Imagine this: it’s your 16th birthday. You wake up on a cold Boston street, your friends tell you this evil dude is looking for you … and not because he wants to bring you a birthday present. Your untrustworthy uncle reveals that you are the son of the Norse god, Frey, god of fertility of the land, peace and prosperity. Yeah, right. As the son of Frey you have the power to summon an ancient, long lost sword. Apparently, whoever wields it can do some pretty cool stuff with it. Some pretty scary stuff, too. And just think, all this time it’s been sitting at the bottom of the Charles River. Nasty.
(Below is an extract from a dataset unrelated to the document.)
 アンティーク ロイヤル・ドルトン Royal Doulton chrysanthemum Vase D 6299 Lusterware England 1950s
Oh, and that evil dude looking for you? He’s the god Surt, Lord of Muspelheim, the realm of fire. He wants that sword, too. And not just to polish it up. See, he’s got this plan (or maybe it’s something like his destiny) to use the sword to free the wolf Fenir and set doomsday into motion. Wolves … dude, you hate wolves!
Someone has to stop him.
Could this be your destiny?
Ready to romp through the nine worlds of Asgard to prevent the end of the world? Well, before you take off, there’s just one. small. thing.
First, you gotta die.
Whew! So, are your ready for the The Sword of Summer, the first book in Riordan’s new series? I’ve got a feeling you’re hooked! From cold Boston streets, where the homeless (and not so prosperous) Magnus Chase lives, to the halls of Valhalla (the realm of the fallen heroes), prepare yourself for a wild and exhilarating ride through the many strange, wonderful, and sometimes frightening worlds of Asgard. Magnus and his friends, who include a snappy-dressing dwarf, a deaf elf, and a Muslim ex-Valkyrie, race against the clock to prevent a cataclysmic war.
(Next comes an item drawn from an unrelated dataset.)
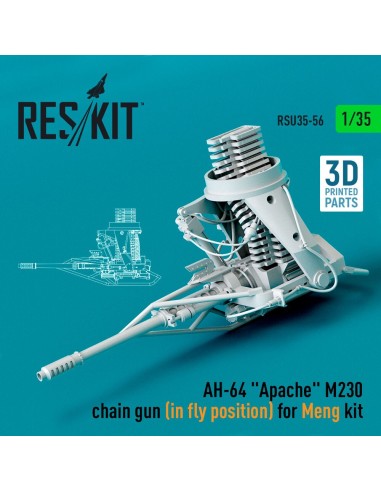 AH-64 Apache M230 chain gun (in fly position) for Meng kit (3D Printed)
Pursued by Valhalla heroes, giant wolves, and monsters, Magnus and his team bargain with powerful beings and magical creatures in order to prevent Surt from obtaining Frey’s sword, Sumanbrander. Whoever wields it has the power to bring about Ragnarok, the apocalyptic battle between the forces of the gods Odin and Loki.
Percy Jackson fans will snap up this latest series (I can’t keep it on my library shelves). Using his now familiar model, Riordan has readers take a look at an unlikely hero struggling to understand who he is and the events swirling around him. Like all great heroes (Hercules, Gilgamesh, and yes, Percy Jackson), Magnus’ journey throughout the worlds of Asgard bring him a deeper understanding of self and greater empathy for his companions, who have sacrificed much to support him.
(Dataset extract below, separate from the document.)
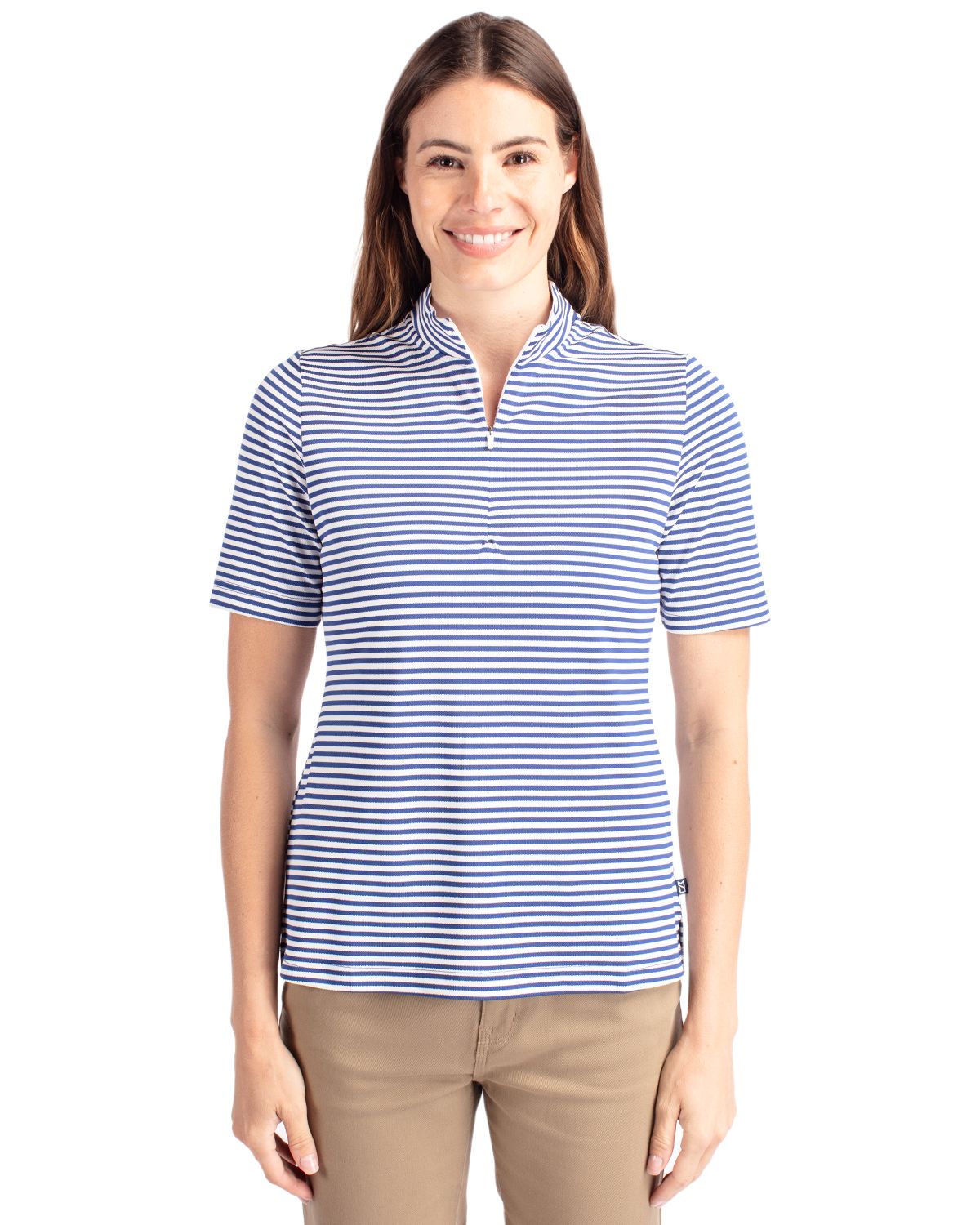 Cutter & Buck Virtue Recycled Stripe Featherlight Pique Womens Half Zip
Riordan has inventively created a world blending Norse mythology with contemporary culture and peopled it with diverse characters in positive roles. In doing so, he shines a spotlight on contemporary issues such as Muslim culture, homelessness and people with special needs. Filled with nail-biting and dramatic action, it has the same irreverent humor found in Riordan’s earlier series.
Not familiar with Norse mythology? No problem, Riordan provides a handy glossary and other back matter materials to enhance the reader’s understanding of the ancient Norse world.